Preppers: Three Good Hot Weather Crops

While stockpiling seeds for a SHTF survival garden, how many preppers/survivalists divide their seeds into seasons? Typically, most people think along the lines of spring, fall, and maybe winter. Depending upon location some regions may have such a harsh winter nothing can grow.

However, the southern portion of the United States with our mild winters can grow a variety of crops mostly year round. The exception being during the most most harsh of winter months, such as late December and into January.

Just as winter is sometimes overlooked, so is the sweltering heat of summer. A lot of people are under the impression most crops planted in the spring will die once the summer inferno sets in. For the most part, that is true. However, there are some crops that do well in summer.

Believe it or not, some crops love the summer heat. Except for water, they seem unphased by the Hades inferno of July and August.

Okra

Okra is native to Africa and is speculated to have been brought to the Americas sometime during the slave trade. Okra is so well adapted to hot weather, seeds will not germinate until the soil temperature reaches around 70 degrees, plus or minus a few degrees depending on source.

Okra pod

Okra grows best with a balanced fertilizer, such as 13-13-13. Using a high nitrogen fertilizer, such as 16-6-12 or 21-0-0, may cause the plants to grow tall, yet will not produce okra pods.
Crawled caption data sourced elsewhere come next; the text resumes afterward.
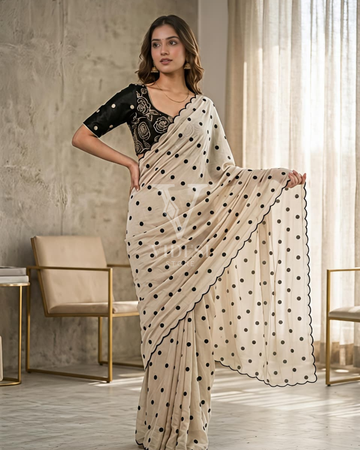 Vienka Star Georgette Saree with White Polka Embroidery & Designer Blouse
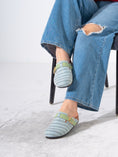 Load image into Gallery viewer, Woven Raffia Buckle Clogs - GREEN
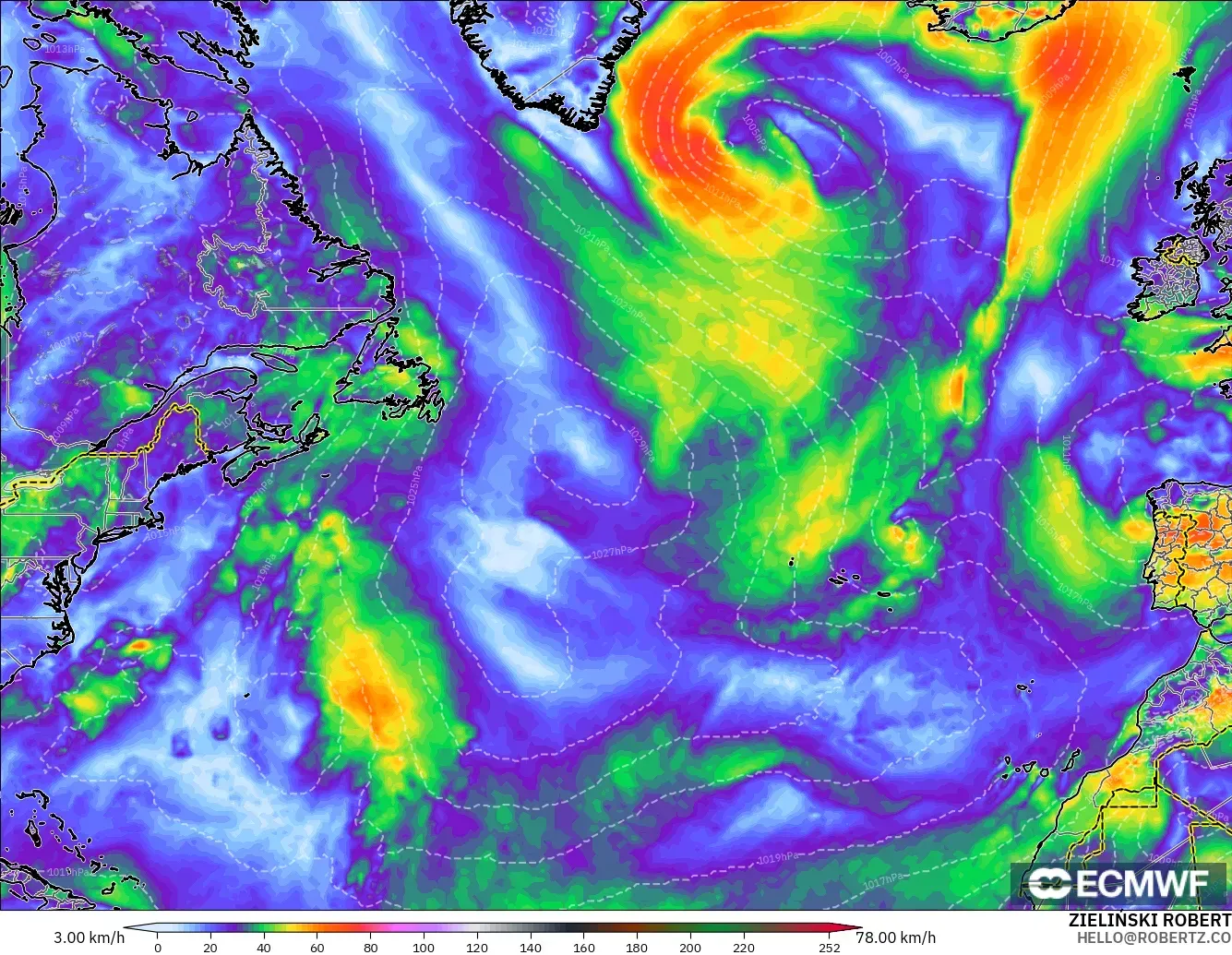 ECMWF IFS 0.25° modelo - Norte Atlántico, Ráfagas de viento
Expect the plants to take around 60 days until they start producing under normal conditions. When the stalks start producing okra pods, the plants typically produce until late in the year, or around the first frost.

I have always heard the more okra is picked, the more it will produce. Once the pods are left on the plant, production will decrease. Typically, I stop picking the okra at least a month before the first frost. This gives the pods time to mature and develop seeds. At the end of the year, the seed pods are placed in a shed to dry, then stored in a cool dry location.

When everything has gone right, someone should be able to shake the mature dried okra pods and hear the seeds rattle inside.

Okra is an ideal crop for canning or pickling. It also goes well in a number of recipes.

Hot peppers

Examples of hot peppers include jalapeno, cow horn chili pepper. There have been winters here in Southeast Texas were my jalapeno peppers were not killed by frost. As a result, they kept producing all the way through the next year.

Jalapeno peppers on pepper plant

To keep peppers producing they may need a side dressing of a balanced fertilizer, such as 13-13-13.  Side dressed means the fertilizer is placed on the ground next to the plant, then washed into the soil with water.

Typically, I side dress right before a good rain, or use a water hose to wash the fertilizer into the soil.

Peppers are excellent for canning, drying and making ground pepper flakes, or used in a number of recipes.

Look for heirloom peppers, make sure they are not planted next to other types of peppers, and the seeds should be able to be saved.

Zucchini

Several years ago I planted yellow squash and zucchini next to each other. Each row was about 100 feet long, got the same amount of fertilizer, and the same amount of rainfall. Neither row used artificial irrigation. The only water the plans received was rainfall.

Zucchini

The end results was, the squash died in the middle of summer, but the zucchini kept producing. Typically, my yellow squash plants do well in summer, but zucchini does better.

Not only does zucchini seem to do better in the summer than yellow squash, zucchini will typically out produce yellow squash. If yellow squash is left on the plant for too long it will turn hard and start growing seeds. Zucchini needs to be left on the plant much longer before it will turn hard. I have picked zucchini that was 18 inches long and still edible.

The only real drawback to squash, it does not do well when canned. From what I understand it is not recommended any type of squash be canned.